# [or-cvs] lots more cleanups. people should check these over.

Update of /home2/or/cvsroot/tor/doc/design-paper
In directory moria.mit.edu:/home2/arma/work/onion/cvs/tor/doc/design-paper

Modified Files:
challenges.tex
Log Message:
lots more cleanups. people should check these over.

Index: challenges.tex
===================================================================
RCS file: /home2/or/cvsroot/tor/doc/design-paper/challenges.tex,v
retrieving revision 1.60
retrieving revision 1.61
diff -u -d -r1.60 -r1.61
--- challenges.tex	8 Feb 2005 22:58:02 -0000	1.60
+++ challenges.tex	9 Feb 2005 04:34:50 -0000	1.61
@@ -82,7 +82,7 @@
issues that we face as we continue deployment.
Rather than providing complete solutions to every problem, we
instead lay out the challenges and constraints that we have observed while
-deploying Tor in the wild.  In doing so, we aim to provide a research agenda
+deploying Tor.  In doing so, we aim to provide a research agenda
of general interest to projects attempting to build
and deploy practical, usable anonymity networks in the wild.

@@ -179,10 +179,9 @@
communications, and by the Electronic Frontier Foundation for use
in maintaining civil liberties for ordinary citizens online.

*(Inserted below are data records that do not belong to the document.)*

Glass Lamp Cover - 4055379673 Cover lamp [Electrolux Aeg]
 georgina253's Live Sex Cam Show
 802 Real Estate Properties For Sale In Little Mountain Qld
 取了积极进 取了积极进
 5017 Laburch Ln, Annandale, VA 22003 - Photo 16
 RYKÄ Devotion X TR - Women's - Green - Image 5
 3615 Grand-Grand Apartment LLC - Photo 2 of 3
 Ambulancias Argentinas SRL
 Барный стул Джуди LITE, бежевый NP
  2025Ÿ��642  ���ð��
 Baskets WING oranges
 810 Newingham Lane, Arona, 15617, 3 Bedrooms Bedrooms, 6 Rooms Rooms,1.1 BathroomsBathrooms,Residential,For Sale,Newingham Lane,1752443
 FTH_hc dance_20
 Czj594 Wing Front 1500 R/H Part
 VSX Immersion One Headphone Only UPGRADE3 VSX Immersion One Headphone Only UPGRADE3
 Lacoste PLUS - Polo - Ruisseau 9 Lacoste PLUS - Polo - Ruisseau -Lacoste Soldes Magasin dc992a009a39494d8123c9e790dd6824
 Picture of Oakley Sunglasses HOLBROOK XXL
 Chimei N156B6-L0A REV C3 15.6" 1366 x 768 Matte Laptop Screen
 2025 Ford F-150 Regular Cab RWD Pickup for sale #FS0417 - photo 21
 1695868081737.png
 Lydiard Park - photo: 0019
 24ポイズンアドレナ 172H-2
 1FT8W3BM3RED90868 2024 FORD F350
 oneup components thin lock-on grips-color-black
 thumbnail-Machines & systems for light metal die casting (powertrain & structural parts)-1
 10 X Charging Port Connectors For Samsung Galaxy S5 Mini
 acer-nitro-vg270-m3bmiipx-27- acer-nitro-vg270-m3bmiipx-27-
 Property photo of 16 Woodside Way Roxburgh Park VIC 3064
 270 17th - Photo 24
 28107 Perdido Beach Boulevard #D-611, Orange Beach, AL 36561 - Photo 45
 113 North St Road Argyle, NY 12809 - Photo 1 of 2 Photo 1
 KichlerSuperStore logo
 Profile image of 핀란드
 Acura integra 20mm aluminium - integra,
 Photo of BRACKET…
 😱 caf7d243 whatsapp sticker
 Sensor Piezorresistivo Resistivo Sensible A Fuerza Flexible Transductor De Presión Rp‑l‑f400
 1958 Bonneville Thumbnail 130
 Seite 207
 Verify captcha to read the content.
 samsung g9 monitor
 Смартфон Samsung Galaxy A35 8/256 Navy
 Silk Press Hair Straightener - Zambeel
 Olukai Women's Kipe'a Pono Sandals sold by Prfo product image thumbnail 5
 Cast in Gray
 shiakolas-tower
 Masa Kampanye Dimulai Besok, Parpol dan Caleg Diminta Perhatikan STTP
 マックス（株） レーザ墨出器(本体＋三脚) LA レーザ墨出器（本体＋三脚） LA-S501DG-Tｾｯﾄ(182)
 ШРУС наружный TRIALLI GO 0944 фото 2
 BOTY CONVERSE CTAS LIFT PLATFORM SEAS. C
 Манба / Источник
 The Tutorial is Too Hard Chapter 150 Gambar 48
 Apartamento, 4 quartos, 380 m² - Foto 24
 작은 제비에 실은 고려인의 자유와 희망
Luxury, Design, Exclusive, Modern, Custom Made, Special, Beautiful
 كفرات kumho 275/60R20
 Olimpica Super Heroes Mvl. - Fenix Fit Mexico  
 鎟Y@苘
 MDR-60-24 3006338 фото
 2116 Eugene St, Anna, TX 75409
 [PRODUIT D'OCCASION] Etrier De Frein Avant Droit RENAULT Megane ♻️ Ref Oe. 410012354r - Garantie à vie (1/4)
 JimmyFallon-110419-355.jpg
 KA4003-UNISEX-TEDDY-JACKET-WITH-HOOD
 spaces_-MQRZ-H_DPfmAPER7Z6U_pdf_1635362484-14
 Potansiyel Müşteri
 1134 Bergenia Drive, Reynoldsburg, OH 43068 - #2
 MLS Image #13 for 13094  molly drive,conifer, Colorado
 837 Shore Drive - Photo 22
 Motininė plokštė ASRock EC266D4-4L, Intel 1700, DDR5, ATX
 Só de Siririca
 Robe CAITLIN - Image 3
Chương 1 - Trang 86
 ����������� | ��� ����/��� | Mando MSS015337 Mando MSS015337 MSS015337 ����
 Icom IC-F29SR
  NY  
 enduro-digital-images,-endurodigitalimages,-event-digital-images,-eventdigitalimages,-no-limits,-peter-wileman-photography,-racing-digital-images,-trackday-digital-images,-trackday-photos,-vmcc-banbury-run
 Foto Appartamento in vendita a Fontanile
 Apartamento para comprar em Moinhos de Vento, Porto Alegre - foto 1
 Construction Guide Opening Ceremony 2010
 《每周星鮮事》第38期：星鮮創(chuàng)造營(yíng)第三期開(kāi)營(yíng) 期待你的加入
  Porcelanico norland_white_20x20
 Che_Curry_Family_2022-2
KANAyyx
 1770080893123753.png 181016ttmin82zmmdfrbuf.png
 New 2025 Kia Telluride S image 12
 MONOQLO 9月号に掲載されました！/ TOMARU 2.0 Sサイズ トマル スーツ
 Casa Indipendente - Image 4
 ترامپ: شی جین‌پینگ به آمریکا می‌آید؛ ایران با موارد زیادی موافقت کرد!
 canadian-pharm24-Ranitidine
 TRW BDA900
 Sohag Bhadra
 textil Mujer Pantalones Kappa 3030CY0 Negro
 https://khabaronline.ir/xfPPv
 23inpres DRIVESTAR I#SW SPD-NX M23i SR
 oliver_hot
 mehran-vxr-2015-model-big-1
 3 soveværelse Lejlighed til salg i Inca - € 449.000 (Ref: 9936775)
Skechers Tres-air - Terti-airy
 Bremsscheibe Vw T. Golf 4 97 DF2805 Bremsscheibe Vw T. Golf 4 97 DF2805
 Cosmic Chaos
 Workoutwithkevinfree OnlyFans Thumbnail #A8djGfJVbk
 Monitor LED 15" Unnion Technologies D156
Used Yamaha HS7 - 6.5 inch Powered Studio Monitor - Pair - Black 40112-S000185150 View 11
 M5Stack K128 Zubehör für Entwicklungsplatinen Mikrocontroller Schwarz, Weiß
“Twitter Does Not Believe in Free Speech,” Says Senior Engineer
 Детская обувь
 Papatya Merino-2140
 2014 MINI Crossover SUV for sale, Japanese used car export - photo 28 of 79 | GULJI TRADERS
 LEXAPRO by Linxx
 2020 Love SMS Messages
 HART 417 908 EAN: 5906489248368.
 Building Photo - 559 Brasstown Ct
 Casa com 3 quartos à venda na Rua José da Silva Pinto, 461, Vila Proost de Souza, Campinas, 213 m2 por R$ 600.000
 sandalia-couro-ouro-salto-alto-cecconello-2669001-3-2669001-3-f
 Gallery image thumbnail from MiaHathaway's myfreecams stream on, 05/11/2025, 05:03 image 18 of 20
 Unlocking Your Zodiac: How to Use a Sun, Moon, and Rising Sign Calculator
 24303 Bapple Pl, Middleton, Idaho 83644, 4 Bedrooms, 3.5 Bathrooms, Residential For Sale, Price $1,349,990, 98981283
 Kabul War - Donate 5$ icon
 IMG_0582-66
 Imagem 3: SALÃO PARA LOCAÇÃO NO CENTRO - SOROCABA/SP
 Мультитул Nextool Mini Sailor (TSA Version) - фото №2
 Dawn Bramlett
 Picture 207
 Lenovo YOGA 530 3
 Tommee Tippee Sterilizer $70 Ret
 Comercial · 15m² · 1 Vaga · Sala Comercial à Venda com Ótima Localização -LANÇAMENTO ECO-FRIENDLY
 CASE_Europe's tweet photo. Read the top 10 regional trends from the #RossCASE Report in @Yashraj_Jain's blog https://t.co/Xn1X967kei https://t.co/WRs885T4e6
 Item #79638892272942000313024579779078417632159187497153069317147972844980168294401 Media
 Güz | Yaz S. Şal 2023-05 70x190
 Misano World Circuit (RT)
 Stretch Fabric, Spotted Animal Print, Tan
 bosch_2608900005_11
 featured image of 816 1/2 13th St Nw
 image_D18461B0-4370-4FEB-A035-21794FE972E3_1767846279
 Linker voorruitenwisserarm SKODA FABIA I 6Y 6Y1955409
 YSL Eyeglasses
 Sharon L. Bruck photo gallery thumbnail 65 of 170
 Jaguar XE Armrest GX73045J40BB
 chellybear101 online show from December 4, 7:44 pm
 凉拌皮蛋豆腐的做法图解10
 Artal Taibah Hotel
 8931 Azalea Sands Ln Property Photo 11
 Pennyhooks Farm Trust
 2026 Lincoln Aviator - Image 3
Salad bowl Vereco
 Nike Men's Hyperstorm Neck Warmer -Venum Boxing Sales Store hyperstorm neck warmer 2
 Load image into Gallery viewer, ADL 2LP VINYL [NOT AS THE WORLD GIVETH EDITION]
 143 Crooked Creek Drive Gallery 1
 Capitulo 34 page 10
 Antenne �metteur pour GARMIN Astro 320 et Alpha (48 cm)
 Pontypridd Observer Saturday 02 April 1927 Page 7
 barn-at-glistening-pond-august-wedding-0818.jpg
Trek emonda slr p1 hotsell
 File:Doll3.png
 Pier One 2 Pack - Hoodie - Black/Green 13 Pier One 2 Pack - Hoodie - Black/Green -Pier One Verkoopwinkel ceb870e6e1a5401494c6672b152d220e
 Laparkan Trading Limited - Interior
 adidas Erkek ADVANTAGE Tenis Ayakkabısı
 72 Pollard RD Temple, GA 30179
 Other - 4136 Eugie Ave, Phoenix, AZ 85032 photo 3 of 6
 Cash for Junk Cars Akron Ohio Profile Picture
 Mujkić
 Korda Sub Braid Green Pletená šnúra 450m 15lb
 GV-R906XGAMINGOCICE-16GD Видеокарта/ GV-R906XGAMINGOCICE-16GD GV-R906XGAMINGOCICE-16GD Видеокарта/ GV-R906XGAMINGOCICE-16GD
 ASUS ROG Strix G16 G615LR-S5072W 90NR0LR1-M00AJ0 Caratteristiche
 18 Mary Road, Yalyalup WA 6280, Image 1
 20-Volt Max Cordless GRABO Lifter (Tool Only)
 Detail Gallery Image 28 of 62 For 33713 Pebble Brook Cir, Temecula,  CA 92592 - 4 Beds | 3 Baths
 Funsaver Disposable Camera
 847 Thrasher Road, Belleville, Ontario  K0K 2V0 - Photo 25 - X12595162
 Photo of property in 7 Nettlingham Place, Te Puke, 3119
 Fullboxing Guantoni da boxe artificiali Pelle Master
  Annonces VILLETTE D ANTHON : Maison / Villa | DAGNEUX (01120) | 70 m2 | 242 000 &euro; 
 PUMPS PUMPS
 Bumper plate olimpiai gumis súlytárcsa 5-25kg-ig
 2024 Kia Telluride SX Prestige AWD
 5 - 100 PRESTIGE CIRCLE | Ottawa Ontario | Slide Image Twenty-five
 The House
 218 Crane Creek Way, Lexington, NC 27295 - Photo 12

The Tor
protocol is one of the leading choices
-for anonymizing layer in the European Union's PRIME directive to
+for the anonymizing layer in the European Union's PRIME directive to
help maintain privacy in Europe.
-% XXXX We should credit the specific group, not the whole university.
-The University of Dresden in Germany
+The AN.ON project in Germany
has integrated an independent implementation of the Tor protocol into
their popular Java Anon Proxy anonymizing client.
% This wide variety of
@@ -220,14 +219,16 @@
end-to-end~\cite{danezis-pet2004,SS03} anonymity-breaking attacks.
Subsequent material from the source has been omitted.